Record excerpts:

◆ ◆ ◆ ◆

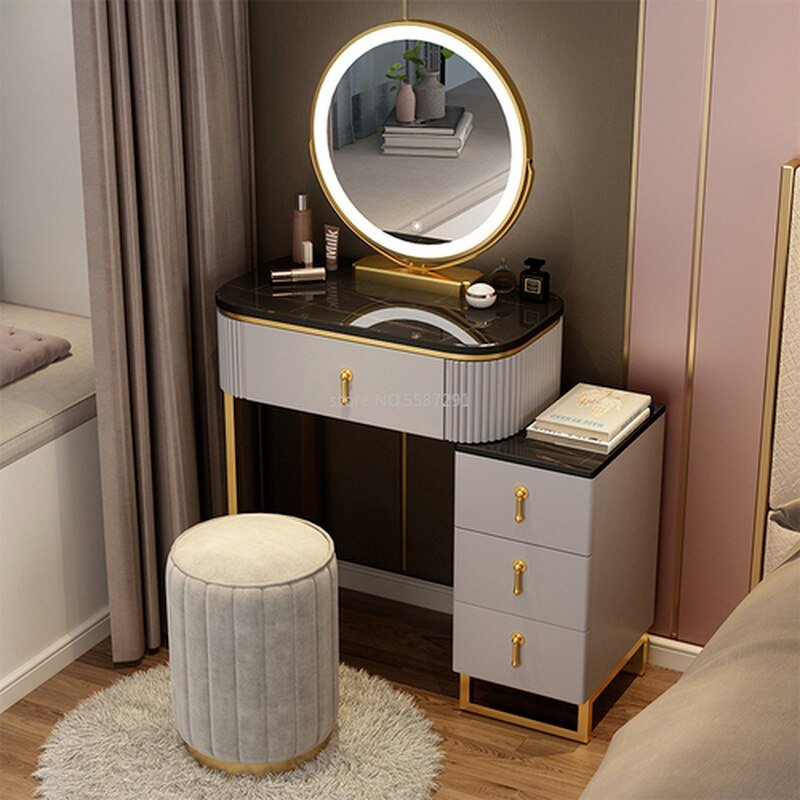 Makeup Vanity Dressing Table Set with Mirror and Storage - Casatrail.com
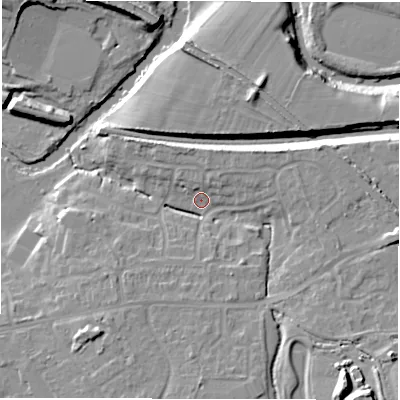 Shaded relief map of the ground around CV346QT, computed from Environment Agency LiDAR. The ground here sits at about 50 m above sea level and falls 16 m across the surrounding 800 m. Surface water reaching this point runs off ground lying to the north-east, 4.8 m higher.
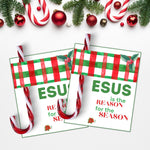 Jesus is the Reason for the Season Candy Cane printable cards with poem that you can give away as gifts. They are also perfect for witnessing at Christmas time! They also make great party favors!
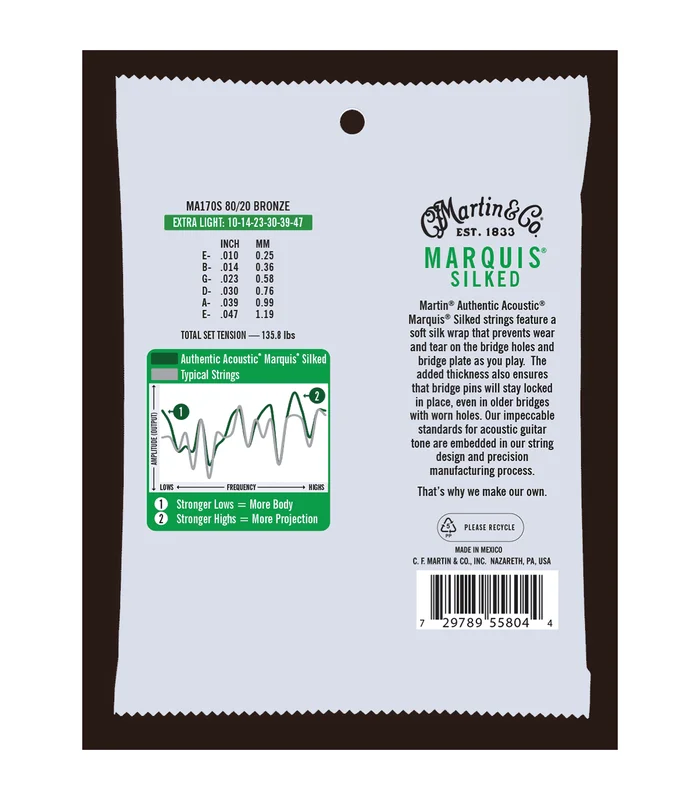 Jeu de Cordes pour Guitare Folk MARTIN & CO MA170S Bronze – Authentic Silked, Extra Light, 80/20 – Image 2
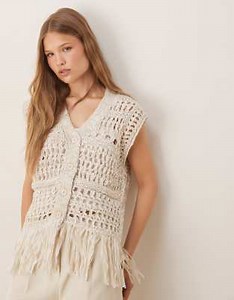 ASOS DESIGN knitted stitch mix crochet fringed multiply button front tank top in stone | ASOS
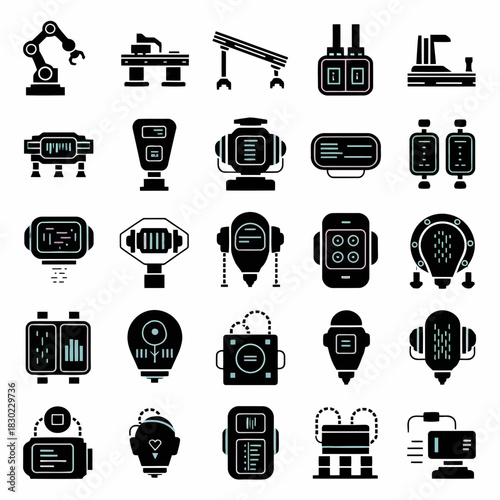 Collection of various robots and industrial machines in a set of black and white icons
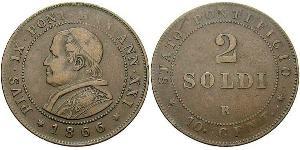 2 Soldo Vatican (1926-) Cobre Pío IX (1792- 1878)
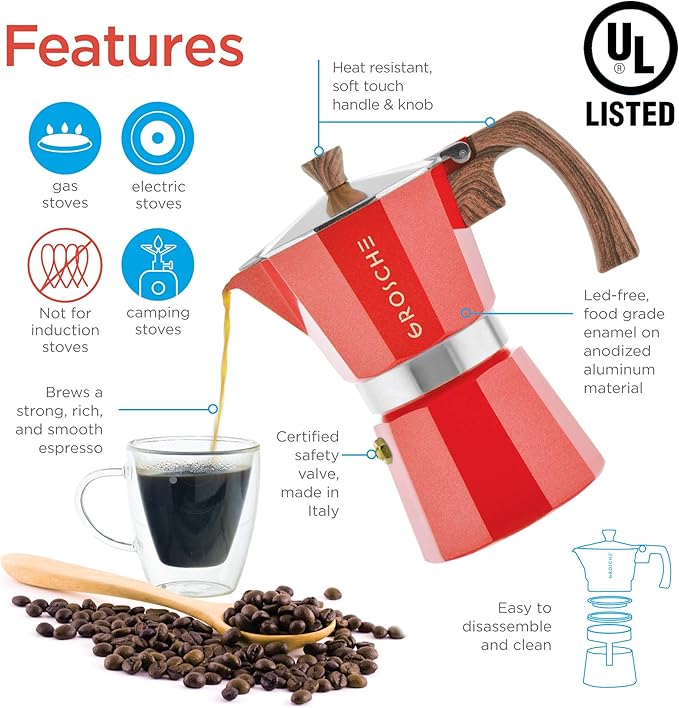 GROSCHE Milano Stovetop Espresso Maker Moka Pot 9 espresso Cup 15.2 oz Red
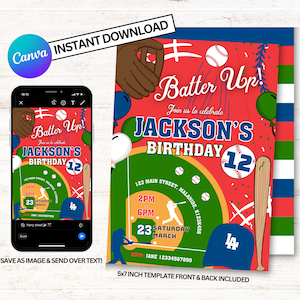Dodgers Invitations, Baseball Birthday Invitation, Dodgers Party Invites, Instant Download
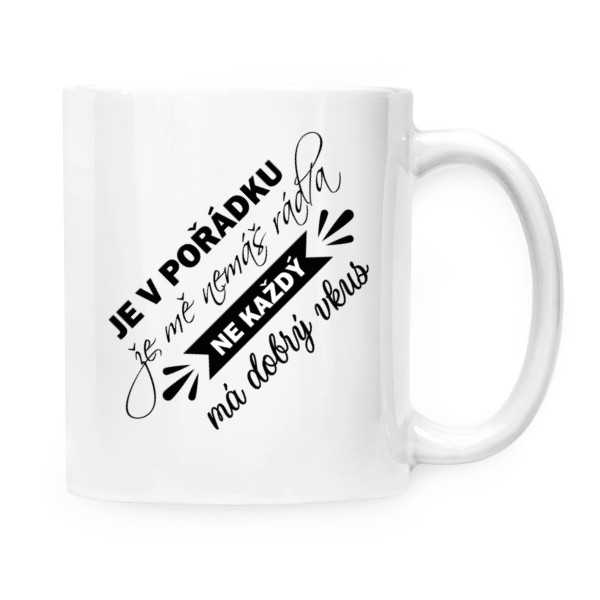 Hrnek malý bílý s potiskem Dobrý vkus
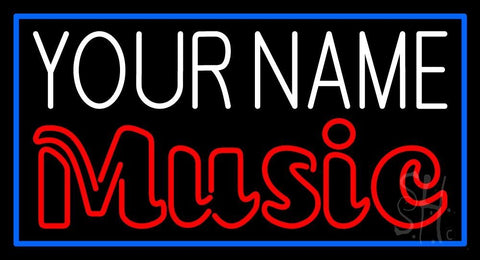 Custom Red Music Blue Border Neon Sign 20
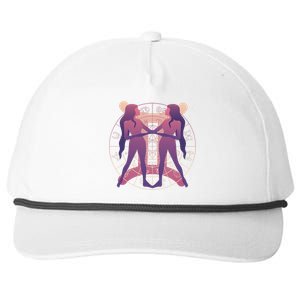 Gemini Zodiac Symbol Snapback Five-Panel Rope Hat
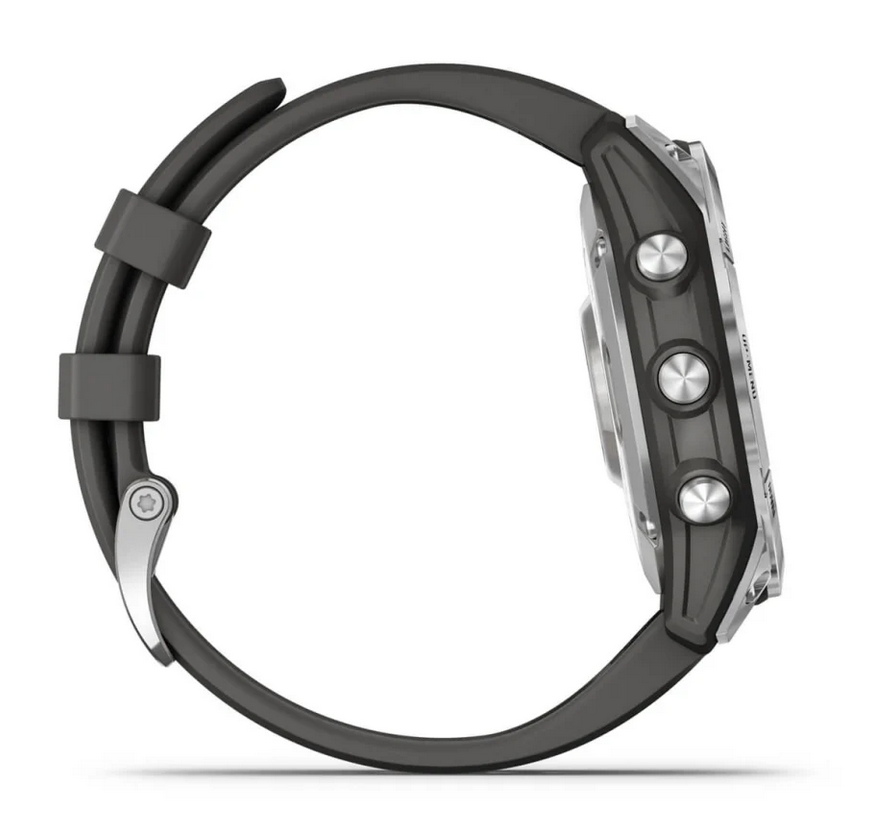 Išmanusis laikrodis Garmin fenix 7 – Standard Edition, Sidabro spalvos korpusas su grafito spalvos silikoniniu dirželiu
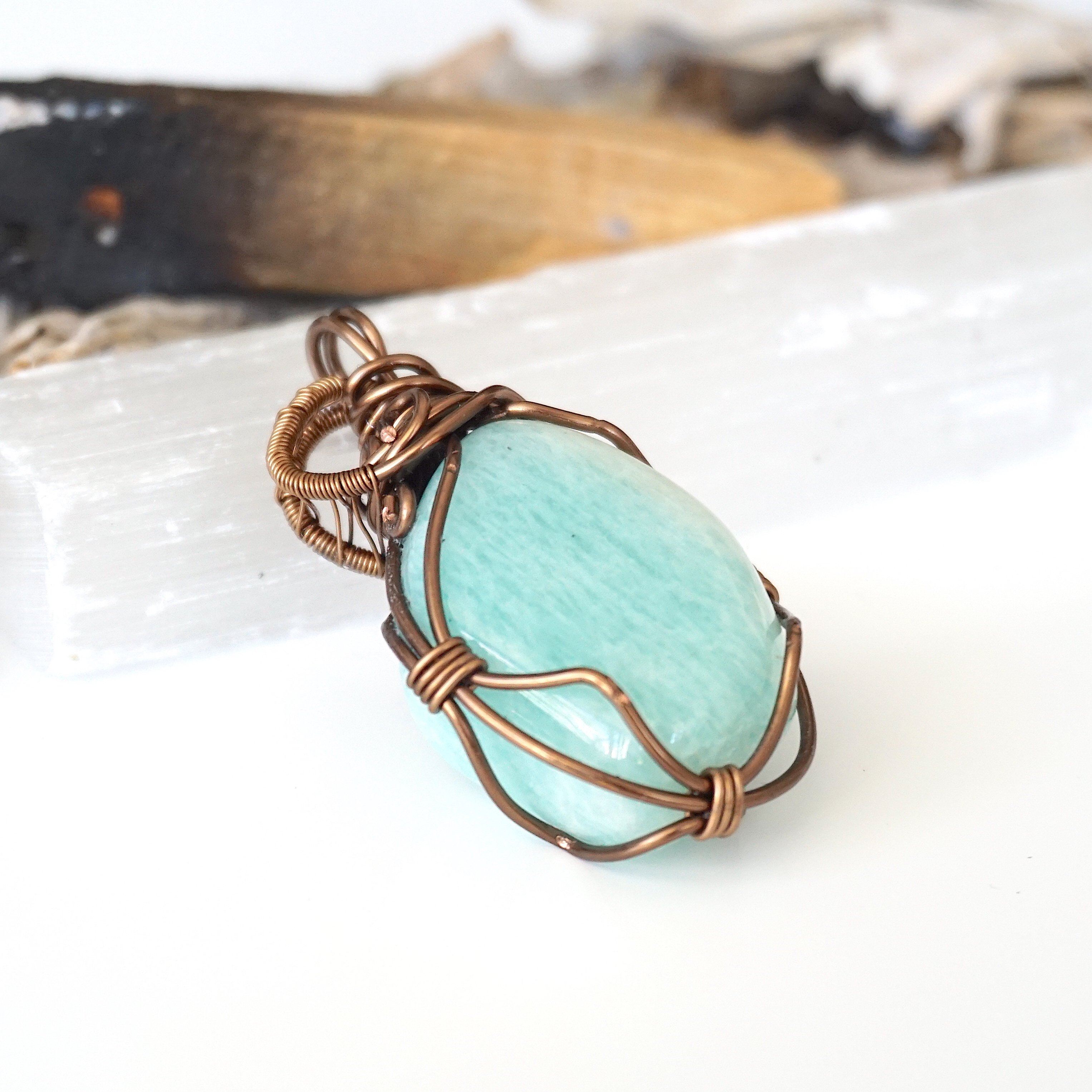 Antique Bronze Amazonite Necklace for Women - Healing Stone Jewelry, Spiritual Gift for Meditation & Energy Balance - Perfect for Yoga, Reiki & Boho Fashion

◆ ◆ ◆ ◆

What needs to be done:
Though the entries above contain pictures, none should be copied; reproduce only the lines between the one holding "Hrnek malý bílý s potiskem Dobrý vkus" and the one holding "Išmanusis laikrodis Garmin", inclusive, exactly as written.

Final answer:
 Hrnek malý bílý s potiskem Dobrý vkus
 Custom Red Music Blue Border Neon Sign 20
 Gemini Zodiac Symbol Snapback Five-Panel Rope Hat
 Išmanusis laikrodis Garmin fenix 7 – Standard Edition, Sidabro spalvos korpusas su grafito spalvos silikoniniu dirželiu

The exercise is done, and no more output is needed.